Technical advances are reshaping many aspects of the media and entertainment (M&E) industry, from video capture and post-production to delivery and archiving, and these developments are fueling demand for storage, according to a report from IT research firm IDC.
The first report in the series, Storage Consumption and Dynamics in the Media and Entertainment Industry, provides an overview of the storage hardware, software and services vendors who provide essential components to the industry, and IDC’s guidance on how the media and entertainment industry can address evolving media asset management requirements.
The report indicated that cloud adoption is still feared in the M&E industry for security reasons, as any breach would result in direct monetary loss, and content creation and post-production still often relies on outdated and inefficient content-sharing methods.
“New technology and content delivery methods are redefining the M&E industry,” Amita Potnis, research analyst with IDC’s storage systems department, said in a statement. “As the industry continues to grapple with constant change, an ecosystem of storage and services suppliers has emerged, often making it unclear as to where, how and to what extent storage and other related services are used.”
The growing relationship between the M&E and storage industries is expected to drive new approaches to data management and distribution and force acceptance of new technology developments, such as aggressive use of cloud-based storage, across the industry ecosystem.
The report also found the future value of older content is often unclear, which perpetuates an “archive-all” mentality and increases storage demand, while globalization and the delivery of content in different geographic regions with different video standards simultaneously increase storage requirements.
“The evolving complexity of the digital-asset lifecycle is forcing media and entertainment providers to re-evaluate their storage infrastructure and services strategies, as data-center-capacity demands increase beyond the petabyte level,” Paul Hughes, program director of storage and data management services for IDC, said in a statement. “Media and entertainment providers have little choice but to review their existing media lifecycle workflows, eliminate out-of-date processes, revamp existing storage strategies, and adapt in real time to prepare for future data demands being driven by higher-quality video.”

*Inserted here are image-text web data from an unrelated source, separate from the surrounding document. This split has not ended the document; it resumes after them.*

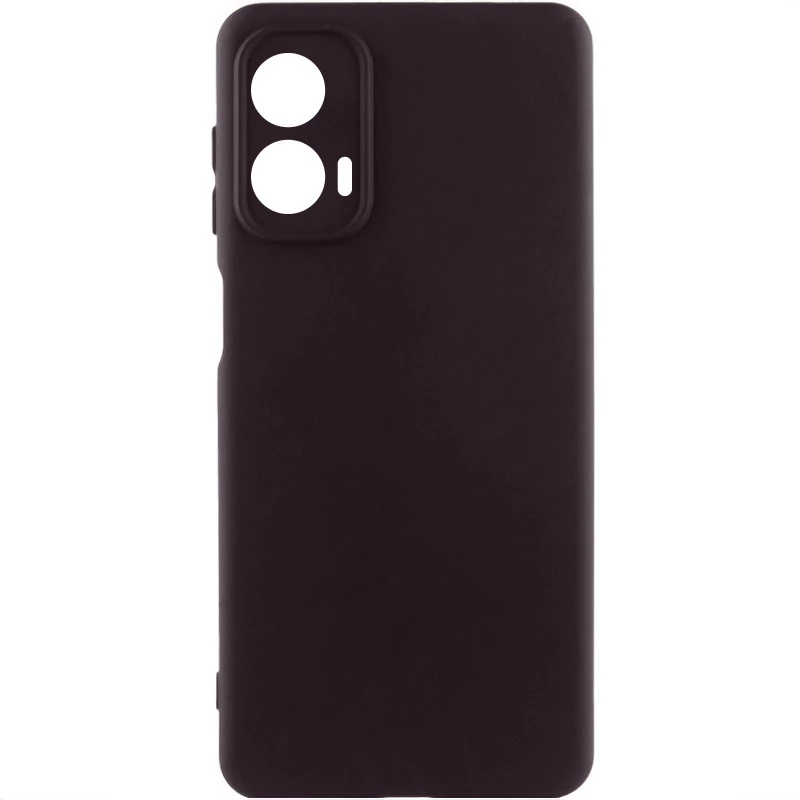 Чохол Silicone Case Lakshmi Plus з закритою камерою на Motorola Moto G24 – Шоколадний / Chocolate. Фото 1 з 2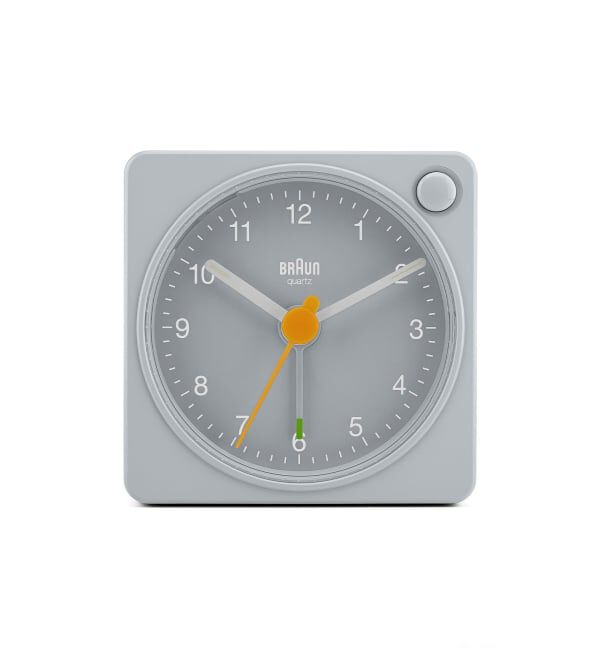 HIROB「BRAUN ALARM CLOCK GRAY BC02XG」|クロック・置時計|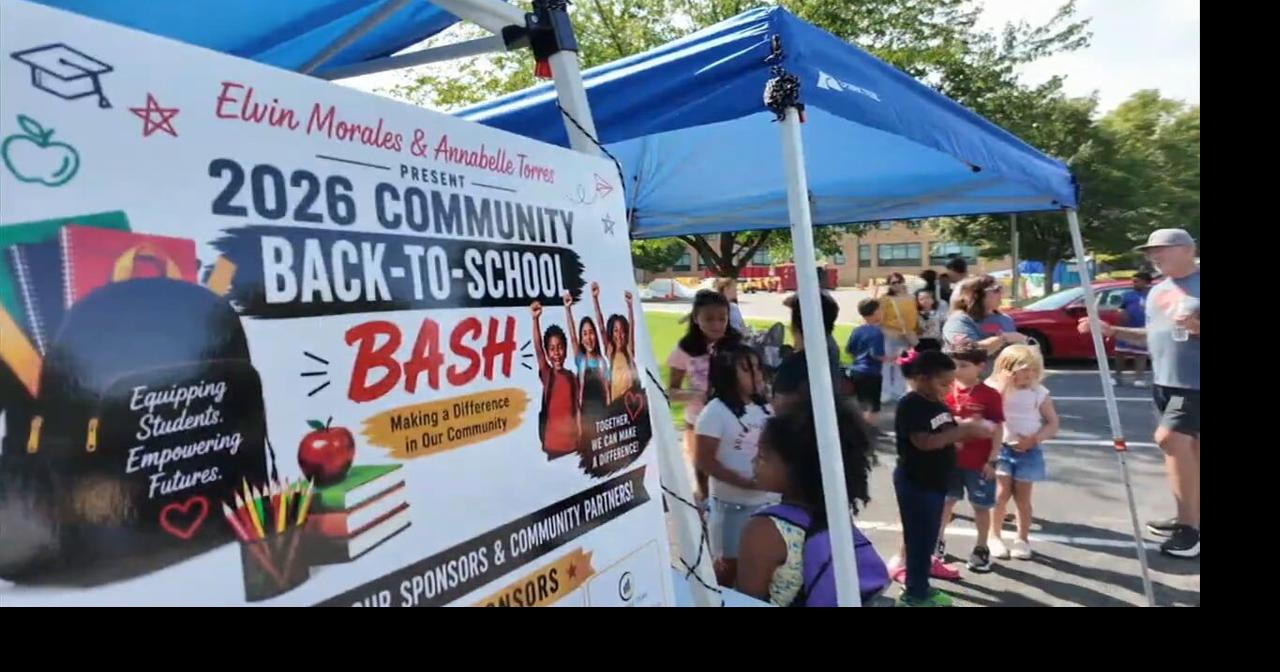 Reading community unites for Back-to-School bash at Glenside Elementary School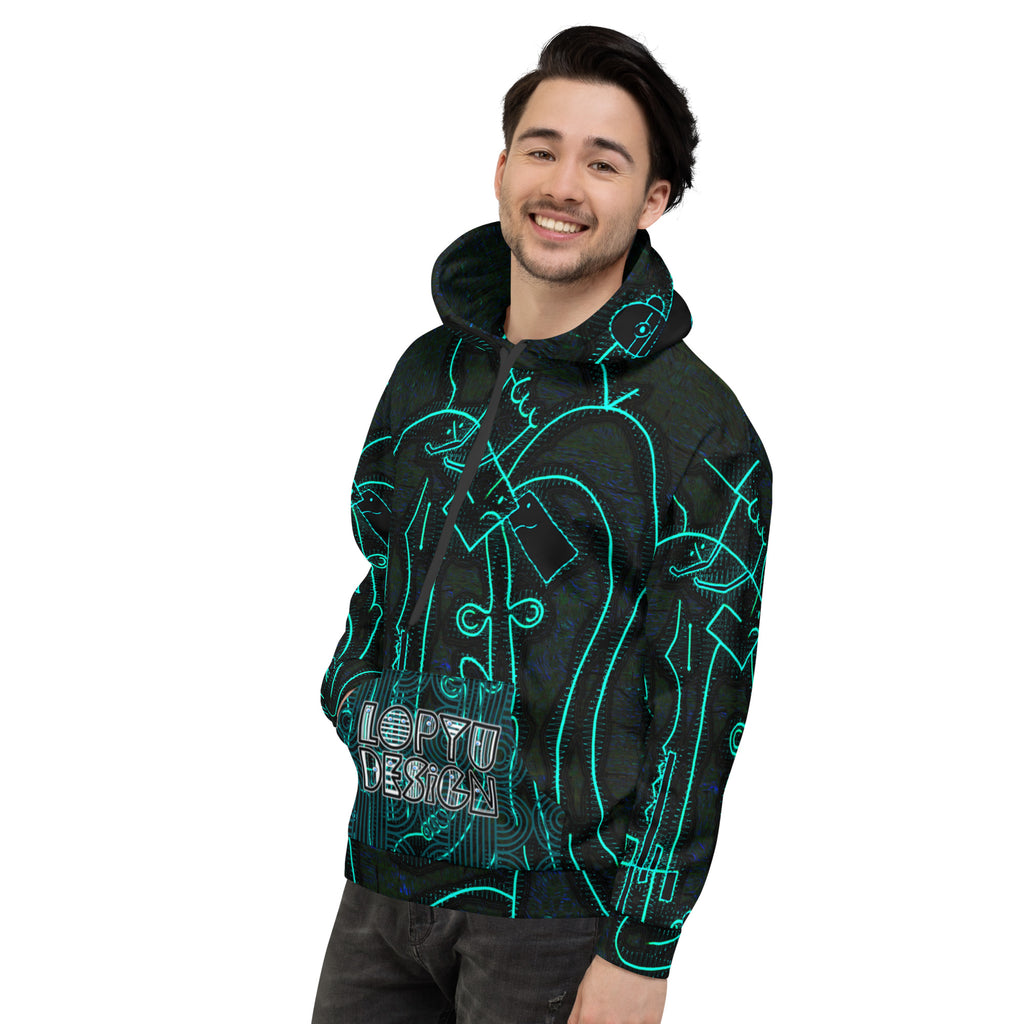 ユニセックスパーカー・アフタヌーンオピウムRIMIXシリーズAO429【AO008-PKU038】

The report also offers an overview of media-and-entertainment market dynamics and the current digital-asset lifecycle for television and cinematic content, as well as insight into how content capture, production, distribution, and archiving are impacting and changing IT requirements for in-house storage and cloud-related storage services.
The first in a series of four reports tackling the issue, IDC’s future publications on the topic will focus on archival strategies for media and entertainment, the changing demands for storage in media distribution, and storage strategies for media capture and post-production.